- _PROBLEM_: Take the material below and reproduce, word for word, only the lines from the line with "1890-S Morgan Dollar" through the line with "BioBodyBoost Acai Bio".
── DATASET
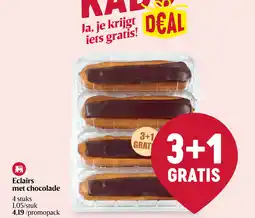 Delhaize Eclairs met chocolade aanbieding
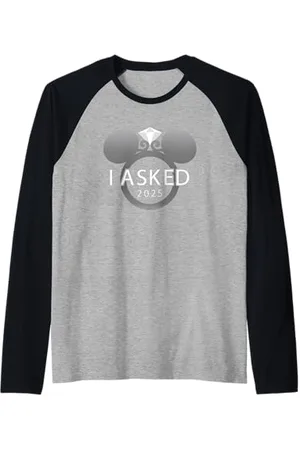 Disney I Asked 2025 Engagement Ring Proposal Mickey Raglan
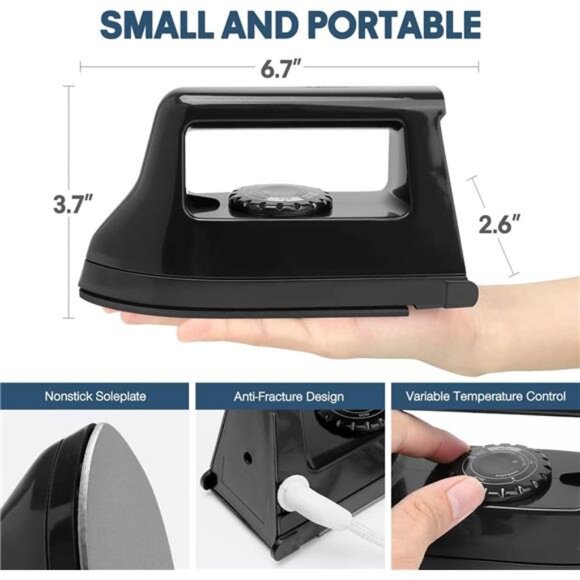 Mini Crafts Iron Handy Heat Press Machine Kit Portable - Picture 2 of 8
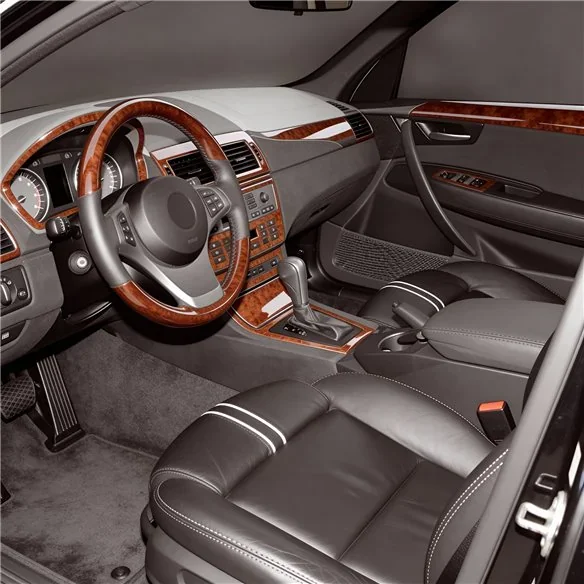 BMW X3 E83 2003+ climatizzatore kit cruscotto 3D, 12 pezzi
────
── DATASET
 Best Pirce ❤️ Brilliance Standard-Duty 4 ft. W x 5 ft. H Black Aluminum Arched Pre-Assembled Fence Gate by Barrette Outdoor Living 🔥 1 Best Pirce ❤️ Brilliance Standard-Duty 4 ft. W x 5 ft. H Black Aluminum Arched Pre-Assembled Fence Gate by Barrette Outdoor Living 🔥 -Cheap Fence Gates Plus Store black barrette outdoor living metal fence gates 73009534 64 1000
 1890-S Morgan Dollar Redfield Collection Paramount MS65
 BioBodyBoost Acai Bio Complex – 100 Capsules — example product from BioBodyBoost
────
── DATASET
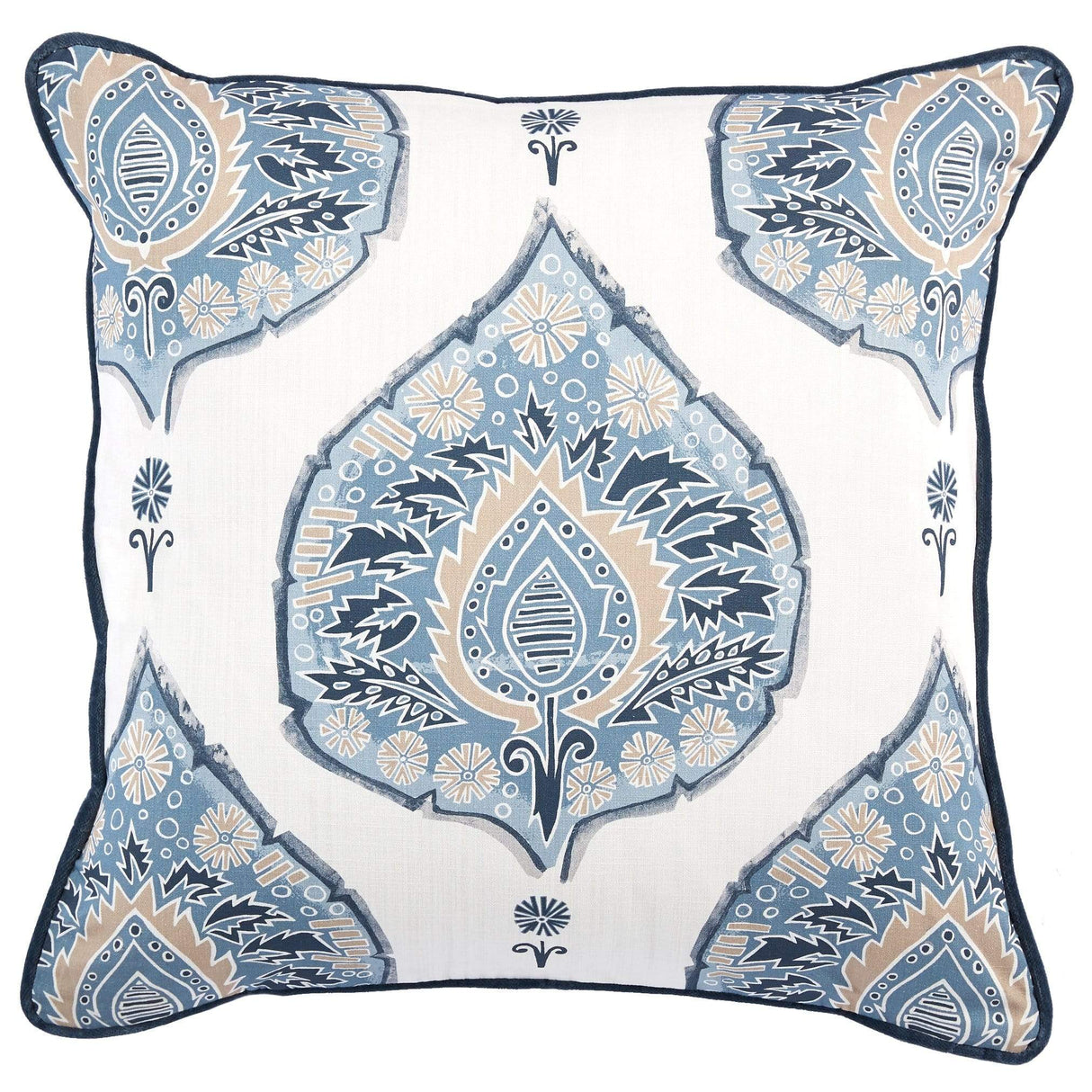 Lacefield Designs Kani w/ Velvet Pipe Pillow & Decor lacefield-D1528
────
- _TASK SOLUTION_:
 1890-S Morgan Dollar Redfield Collection Paramount MS65
 BioBodyBoost Acai Bio Complex – 100 Capsules — example product from BioBodyBoost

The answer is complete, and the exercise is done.